You are viewing a plain text version of this content. The canonical link for it is here.
Posted to dev@pig.apache.org by "Gianmarco De Francisci Morales (JIRA)" <ji...@apache.org> on 2011/03/22 17:53:05 UTC
[jira] [Commented] (PIG-1926) Sample/Limit should take scalar
[ https://issues.apache.org/jira/browse/PIG-1926?page=com.atlassian.jira.plugin.system.issuetabpanels:comment-tabpanel&focusedCommentId=13009714#comment-13009714 ]
Gianmarco De Francisci Morales commented on PIG-1926:
-----------------------------------------------------
This looks quite useful.
If Ciemiewicz is already working on Reservoir sampling, I think I will apply for this one.
I assume there will probably be some integration point between the two projects.
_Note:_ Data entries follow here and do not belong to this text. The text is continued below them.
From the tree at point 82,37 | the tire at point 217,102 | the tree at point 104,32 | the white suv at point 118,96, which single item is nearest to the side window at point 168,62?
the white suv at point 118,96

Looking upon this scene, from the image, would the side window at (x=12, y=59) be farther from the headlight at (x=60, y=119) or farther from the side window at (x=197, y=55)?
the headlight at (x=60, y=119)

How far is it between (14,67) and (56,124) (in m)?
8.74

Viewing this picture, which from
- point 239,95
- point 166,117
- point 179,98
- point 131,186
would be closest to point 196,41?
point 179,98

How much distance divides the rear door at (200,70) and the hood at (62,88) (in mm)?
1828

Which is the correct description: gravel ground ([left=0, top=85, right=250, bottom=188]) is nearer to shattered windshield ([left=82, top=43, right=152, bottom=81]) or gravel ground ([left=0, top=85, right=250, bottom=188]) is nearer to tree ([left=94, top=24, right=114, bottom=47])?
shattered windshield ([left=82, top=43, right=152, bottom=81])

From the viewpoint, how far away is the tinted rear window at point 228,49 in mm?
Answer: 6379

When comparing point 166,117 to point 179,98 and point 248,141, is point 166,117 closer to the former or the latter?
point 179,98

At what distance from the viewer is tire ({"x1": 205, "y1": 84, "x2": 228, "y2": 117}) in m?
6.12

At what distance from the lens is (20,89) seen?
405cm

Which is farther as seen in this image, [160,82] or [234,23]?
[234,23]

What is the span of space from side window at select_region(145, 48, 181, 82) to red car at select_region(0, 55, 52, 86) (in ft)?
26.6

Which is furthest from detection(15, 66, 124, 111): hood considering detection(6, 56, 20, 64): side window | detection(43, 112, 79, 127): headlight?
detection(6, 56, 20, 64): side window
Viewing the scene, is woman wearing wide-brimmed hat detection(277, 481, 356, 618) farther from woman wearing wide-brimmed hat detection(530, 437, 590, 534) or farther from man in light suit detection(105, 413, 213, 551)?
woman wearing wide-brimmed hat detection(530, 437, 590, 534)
> Sample/Limit should take scalar
> -------------------------------
>
> Key: PIG-1926
> URL: https://issues.apache.org/jira/browse/PIG-1926
> Project: Pig
> Issue Type: Improvement
> Reporter: Daniel Dai
> Labels: gsoc2011
>
> Currently, Limit, Sample only takes a constant. It would be better we can use a scalar in the place of constant. Eg:
> {code}
> a = load 'a.txt';
> b = group a by all;
> c = foreach b generate COUNT(*) as sum;
> d = order a by $0;
> e = limit d c.sum/100;
> {code}
> This is a candidate project for Google summer of code 2011. More information about the program can be found at http://wiki.apache.org/pig/GSoc2011
--
This message is automatically generated by JIRA.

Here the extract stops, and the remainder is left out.